Folks studying marijuana legalization are thinking that letting all growers grow all they want might lead to overproduction. So growers might get quotas. But who would decide what quotas growers get, and how? “On the merits,” on the basis of perceived strength of application? (Watch out for cronyism.) Lottery? History of production? That’s the method used in the 1930s for tobacco.
Folks interested in this problem might read: Prosperity Road : the New Deal, tobacco, and North Carolina / by Anthony J. Badger, Chapel Hill : University of North Carolina Press, 1980.
It deals with price collapse of tobacco in the Depression – how the FDR Administration restricted production.

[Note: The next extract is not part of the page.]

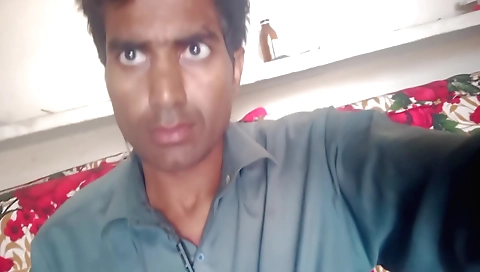 Indian girl enjoys her big cock and pleases it with her tits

I’m skimming it (since it’s not about tax), but I think these highlights are accurate:
Allotments and quotas – first nationally, then by states, then by counties.
Elected officials — or county agents at the county level parceling out the right to grow tobacco to individual growers.

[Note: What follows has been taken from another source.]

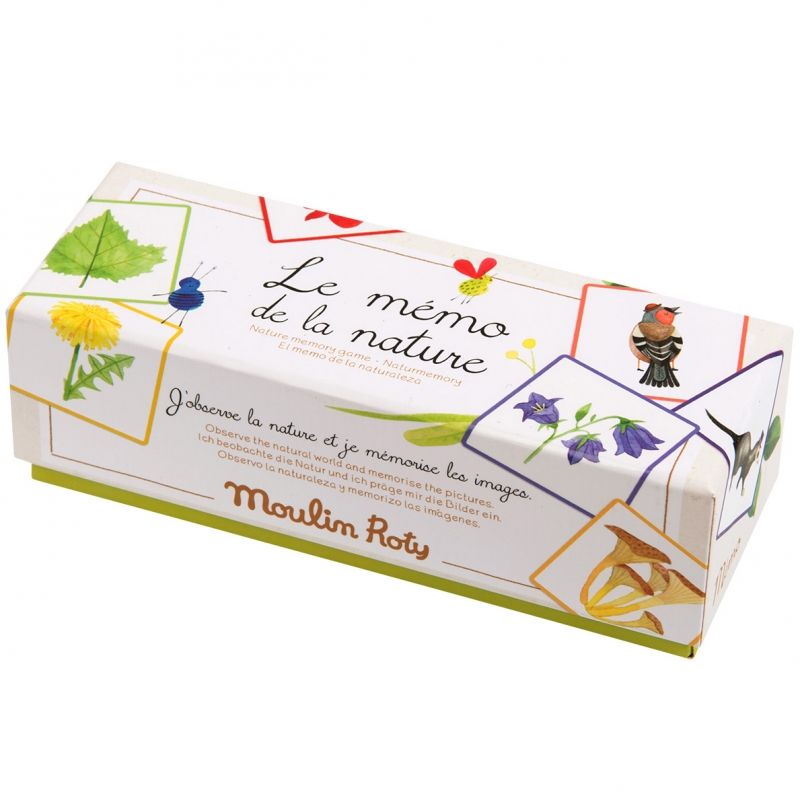 Memo de la nature Le Jardin du Moulin Moulin Roty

Growers agreeing formally to limit production via grower-only referenda.
The failure of the 1938 referendum to agree to limits – never repeated.

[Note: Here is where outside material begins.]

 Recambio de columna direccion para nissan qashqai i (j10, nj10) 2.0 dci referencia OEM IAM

These limitations created huge distortions in the long run. And consternation all along. But Badger, who is a distinguished British historian, see http://www.cam.ac.uk/research/discussion/an-interview-with-tony-badger-50-years-a-historian, concluded that the New Deal “brought economic prosperity to Eastern North Carolina” and benefited not just large landowners “but also the overwhelming majority of tobacco growers.” Page 235.